La pena resta sempre un tema attuale.
Non è da molto tempo che proprio in questa rubrica ce ne siamo occupati, soffermandoci sulle diverse funzioni che essa può assumere (cfr. in Madrugada, n. 63, settembre 2006).
Vorrei, ancora una volta, tornare sullo stesso argomento; forse perché sollecitato, sia pur implicitamente, da un indiretto senso di completezza, che mi costringe spesso a riprendere percorsi già sondati e verificarne le ulteriori e possibili diramazioni; forse, viceversa, perché incoraggiato dall’estrema importanza della discussione, così lontana, probabilmente, dalla nostra vita presente, quanto così vicina, allo stesso tempo, nelle paure e nei sottintesi cui sembrano alludere molti dei dibattiti giornalistici e televisivi di questi ultimi giorni.
Del resto, come si diceva poc’anzi, la pena resta sempre un tema attuale, dal momento che è sempre attuale e incombente la percezione e l’esigenza diffuse di una sua pronta e rapida comminazione, specialmente a fronte di noti e luttuosi episodi di cronaca. Quasi che soltanto il gesto, in sé e per sé del tutto (e solamente) rituale della comminazione solenne e dell’esecuzione effettiva della pena stessa potesse ristabilire automaticamente le sicurezze nelle quali pensavamo (e pensiamo tuttora) di poterci soddisfare.
La pena emerge, dunque, in tutta la sua attualità.
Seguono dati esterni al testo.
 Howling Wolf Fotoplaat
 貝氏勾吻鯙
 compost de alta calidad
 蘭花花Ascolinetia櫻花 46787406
E se di pena si deve parlare, vi è la frequente convinzione che di essa occorra parlarne non solo in termini di matematica certezza, ma anche di implacabile decisione, dal momento che, se vuole sopravvivere all’aggressione che viene fatta ai suoi valori e ai suoi beni primari, un gruppo sociale deve reagire compatto e veloce, estinguendo per il tramite del malum passionis il malum actionis e con ciò ridando voce e forza alla propria identità giuridica.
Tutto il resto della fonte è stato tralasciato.